Crawled caption data
══════════════════════════════
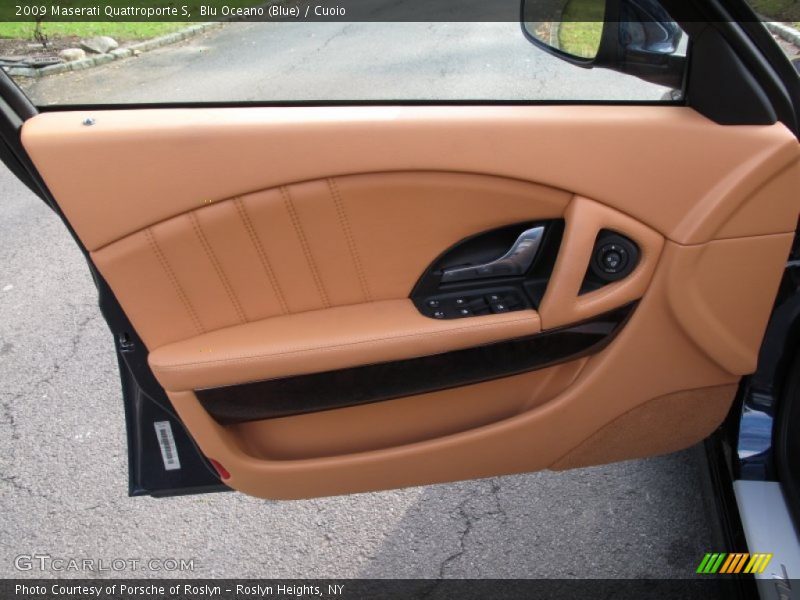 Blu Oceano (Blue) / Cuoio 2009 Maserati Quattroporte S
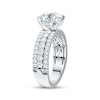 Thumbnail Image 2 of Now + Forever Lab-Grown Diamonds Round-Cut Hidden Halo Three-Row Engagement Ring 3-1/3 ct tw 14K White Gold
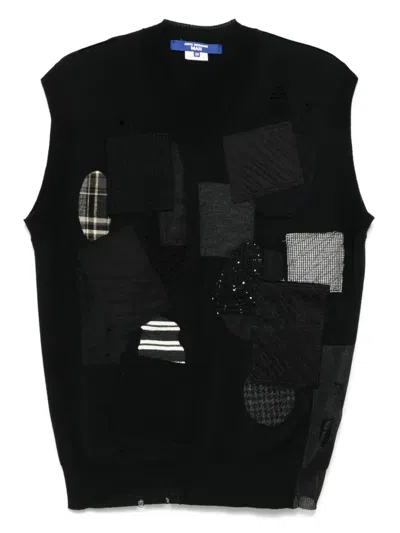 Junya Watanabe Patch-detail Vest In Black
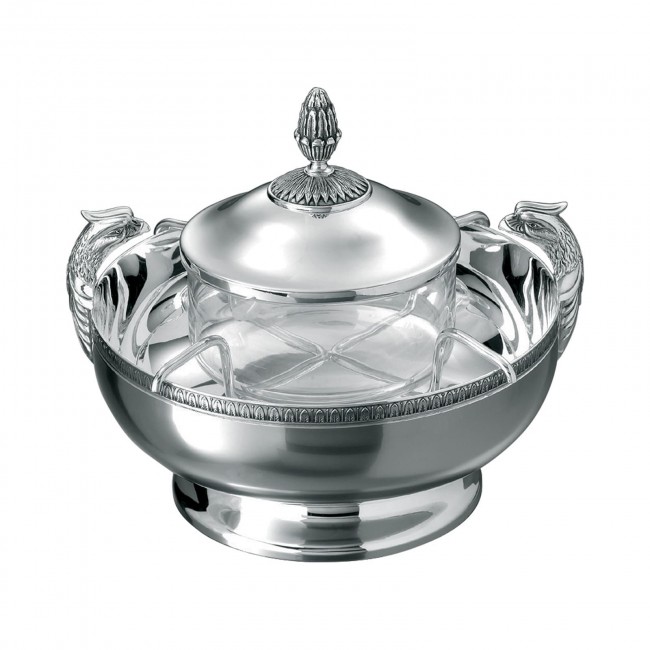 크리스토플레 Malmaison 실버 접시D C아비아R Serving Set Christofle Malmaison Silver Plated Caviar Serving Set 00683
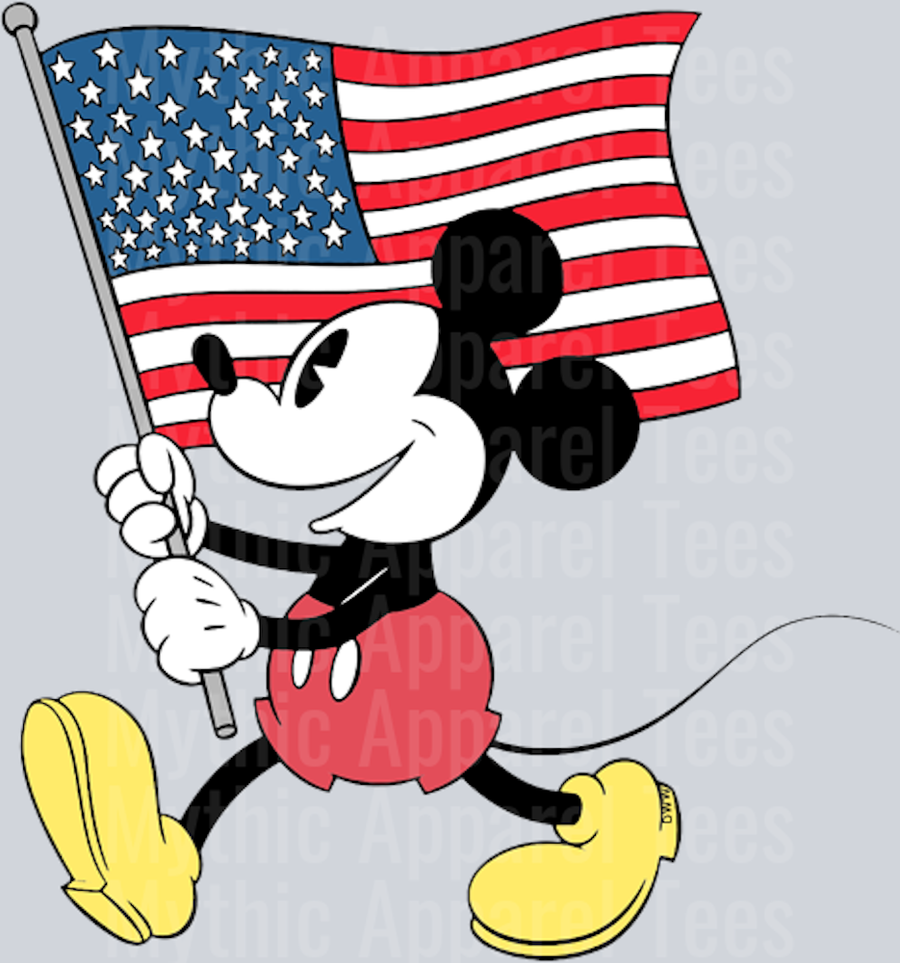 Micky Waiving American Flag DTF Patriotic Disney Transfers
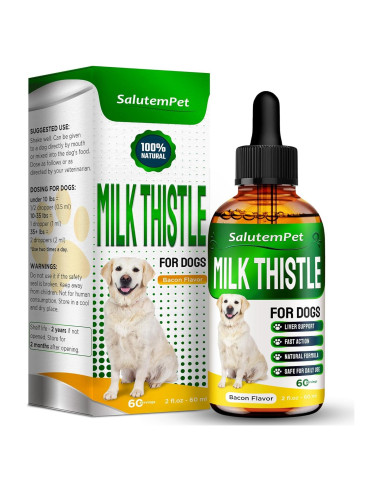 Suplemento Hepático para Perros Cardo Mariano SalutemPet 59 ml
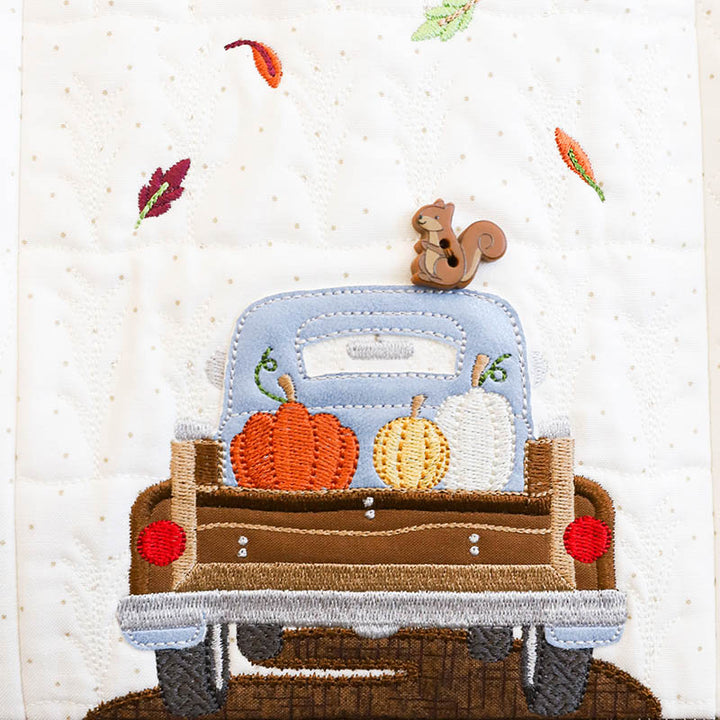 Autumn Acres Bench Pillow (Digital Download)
══════════════════════════════
**What the task asks:** Please set down every record above exactly as it appears, leaving out the pictures.

**Answer to this exercise:**
 Blu Oceano (Blue) / Cuoio 2009 Maserati Quattroporte S
 Thumbnail Image 2 of Now + Forever Lab-Grown Diamonds Round-Cut Hidden Halo Three-Row Engagement Ring 3-1/3 ct tw 14K White Gold
 Junya Watanabe Patch-detail Vest In Black
 크리스토플레 Malmaison 실버 접시D C아비아R Serving Set Christofle Malmaison Silver Plated Caviar Serving Set 00683
 Micky Waiving American Flag DTF Patriotic Disney Transfers
 Suplemento Hepático para Perros Cardo Mariano SalutemPet 59 ml
 Autumn Acres Bench Pillow (Digital Download)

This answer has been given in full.